In this Dhamma talk Ahba answers some questions asked by two Dutch disciples during their visit to his monastery.
- 1. Meditation Ahba 24:04
- 2. Sati (Mindfulness) Ahba 8:17
- 3. Patience and Metta (Loving Kindness) Ahba 17:58
We realize that Ahba can be difficult to understand for people who do not know him, and that the greatest power of his words is in the energy he conveys while he speaks. Nevertheless, we want to share these lessons to give other people the opportunity to hear him speak. Here is a brief explanation of what can be heard:
- The first question asked to Ahba is about desire. In his answer, Ahba emphasizes the importance of meditation to slowly but surely put an end to desire and the suffering that accompanies it. He indicates that concentration meditation (samatha) precedes insight meditation (vipassanā). Concentration is the foundation. It is important to develop concentration slowly but surely, to an ever-increasing degree. You do this by trying againg and again during practice, but without desiring any result. Very slowly but surely. Then you will automatically understand how things work, based on your own experience. Understanding dukkha, anicca, anattā without concentration is not possible. The Buddha has worked many lives on his paramī’s, don’t think you can get the job done in one afternoon! Practice quietly, patiently. Talking is easy, real life is another story. Ahba also explains the meditation system to the sound of the word buddho.
- The second question is about mindfulness (sati). In his answer, Ahba explains sati and the importance of dedication and perseverance to practice sati at all times. Sati starts with believing in the system of meditation, which makes you like it more. If you like something you will do practice it more often. Don’t judge your practice, don’t think too much, just practice, just do it! Talking about mindfulness is easy but pointless if you don’t practice it.

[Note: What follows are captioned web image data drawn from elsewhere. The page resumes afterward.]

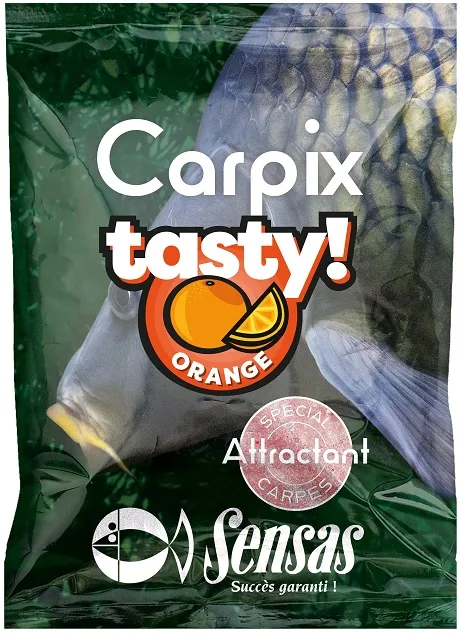 Sensas Posilňovač Powder Carp Tasty Orange (pomaranč) 300g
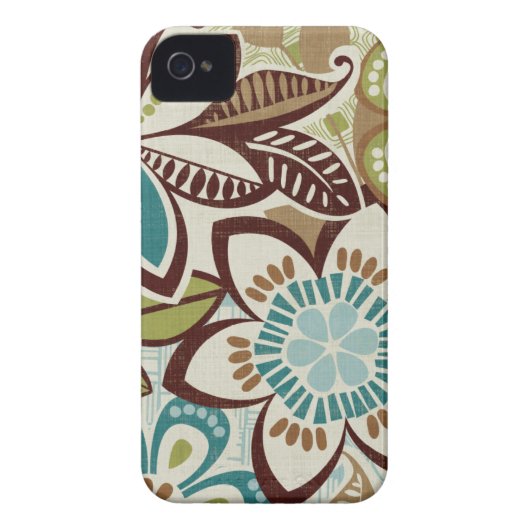 Modern Floral Designs Case-Mate iPhone Case (Back)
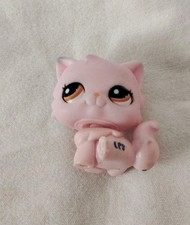 LPS Littlest Pet Shop Pink Persian Cat 1428 With Brown Eyes (T2126)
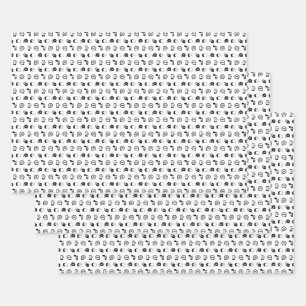 Fun Cell Phone Text Messaging Pattern CUSTOM COLOR Wrapping Paper Sheets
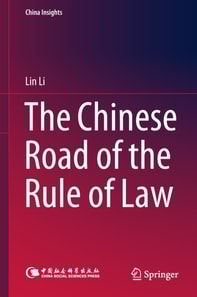 Chinese Road of the Rule of Law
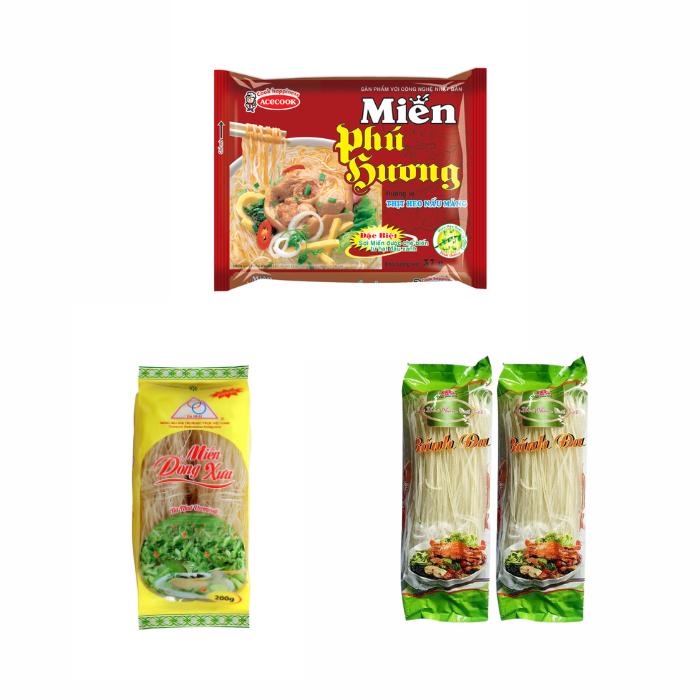 Đóng gói miến, bánh đa dạng túi
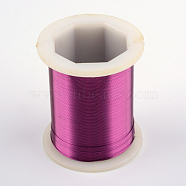 Round Copper Jewelry Wire, Purple, 26 Gauge, 0.4mm, about 98.42 Feet(30m)/roll(CWIR-R004-0.4mm-08)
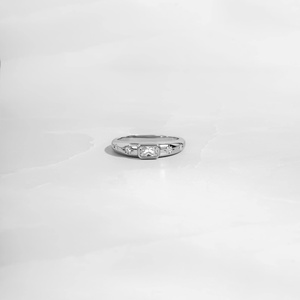 ใหม่ล่าสุดต้นฉบับ925เงินเครื่องประดับ Baguette starburst Dome ลูกบาศก์ Zirconia เพชรแหวนคุณภาพสูง - Product Image 2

- The third question is about cultivating patience. Ahba indicates that a cause for the lack of patience is a lack of loving-kindness (mettā). There is a lot of anger (dosa) and also a lot of fear in people. People quickly become angry in the world. Ahba makes a link with children leaving home early. He says that 18 year old children are not yet able to protect their own mind. Children no longer listen to their parents properly. This is dangerous for the mind. Ahba explains how to cultivate mettā. Mettā is often confused in the world with love accompanied by desire. However, mettā is a clean loving without desire, directed toward all beings. As you develop mettā, it also has an effect on your surroundings and your surroundings become more loving. Again, this begins with belief, trust in the meditation system. If you have faith in the system, you have the patience to practice it. Meditate for a clean and pure mind, then mettā is clean and steady. Ahba explains the practice of mettā as a wish for all beings that they will be happy in al their endevours.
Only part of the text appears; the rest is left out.